Daily Whipout: "Billy's Last Gasp"

This is the original pen and ink drawing, framed but dusty and the price on the back is $300 but I wouldn't sell this for $30,000. It's one of the best illustrations of Billy I have ever done, and, as you know, I've done plenty. It breaths, it's him and it's authentic to the evidence. I can't believe no one bought this when it showed at Suzanne Brown's Gallery in Scottsdale in 1992. Anyway, this was worth the cleaning right here.

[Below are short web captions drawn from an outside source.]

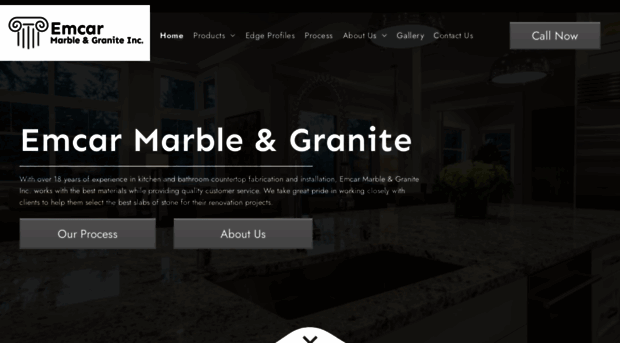 emcarmarbleandgranite.com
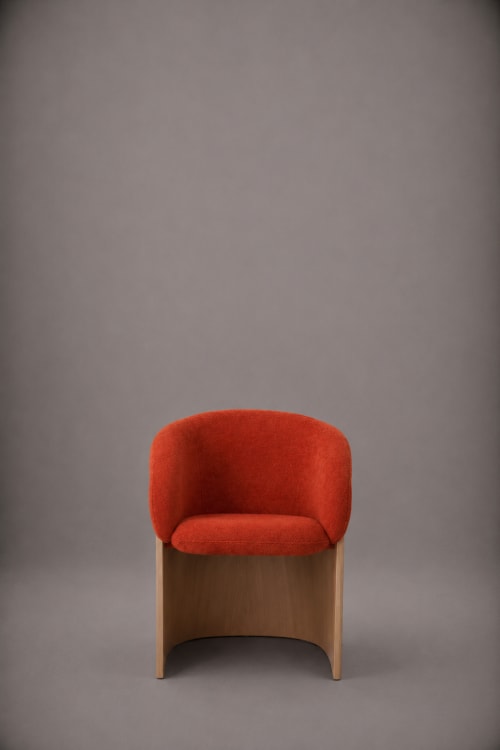 Cinger Wood Dining Chair | Chairs by HamamDecor LLC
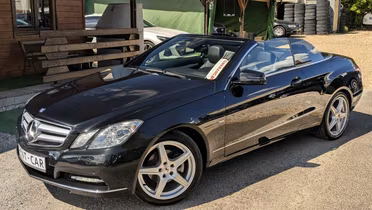 MERCEDES-BENZ E Klasa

I keep unearthing tons of postcards in various boxes. Here is just a small sample of the hundreds of postcards I have found so far, in my garage:

Postcard City From The Triple B Garage

Yes, that's a postcard for the play "True West" at bottom, left, the stage play by Sam Shepard. The funniest card is the Brokeback Mountain, upper left, second card down. On the back is a note from PH that says, "Sure looking forward to seeing you in a couple weeks! Yee Haw!" Of course PH is the Top Secret Writer, also known as Paul Andrew Hutton. The postcard, just above the Brokeback card, is the card for Dreamscape Desperado, the very successful museum show on Billy the Kid that Paul Hutton curated way back in 2007.

Here are some sketches from my college fine art classes from about 1968, or, they could be later, when I took classes at The Scottsdale Artist's School in the 1980s.

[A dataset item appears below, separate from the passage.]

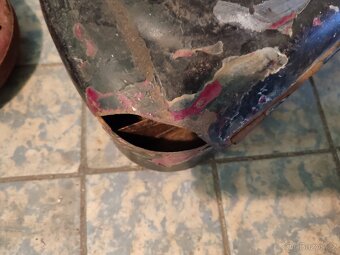 Kastlíky pérák - 7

Brokeback Model, Series 69

Nude Descending A Staircase To Heaven

Found this heavily patina laden mono-print of a certain dentist at a certain street fight:

Daily Whipout: "Doc Waits His Turn"

I must say the garage and the packrats worked to give this a certain grungy bonified treasure aspect. Found this, below, in my Famous Faces file. What do Desmond Tutu and Evan Mecham have in common?

Daily Whipouts: "Desmond Tutu The Fiery Orator vs. Evan Mecham The Flaming Governor"

There's a ton more, but I've got to get back to cleaning, or I'll never finishing in time for that truck to unload.

"Trying to run a brand with a cold iron don't save no time."

—Old Vaquero Saying

 

Views: 174

Comment by Kent Fevurly on August 3, 2014 at 10:14am

Have to agree with you, Bob.  That illustration of BTK is perfect.  It expresses the tragedy of a wasted life. 

Comment by Sue Cauhape on August 3, 2014 at 9:12pm

Love the composition of Billy; that deep empty space between him and the knife in the center of the sketch. Beautiful.

The nude male model certainly earned his pay that day. Those poses were tortuous to hold for any length of time.

About a year ago, I read Shepherd's play, "True West" and tried to imagine the mess those two characters made on stage. Their mother has only a few lines, but I can certainly relate to her shock, dismay, and immediate abandonment of the whole scene. It would be a fun play to watch.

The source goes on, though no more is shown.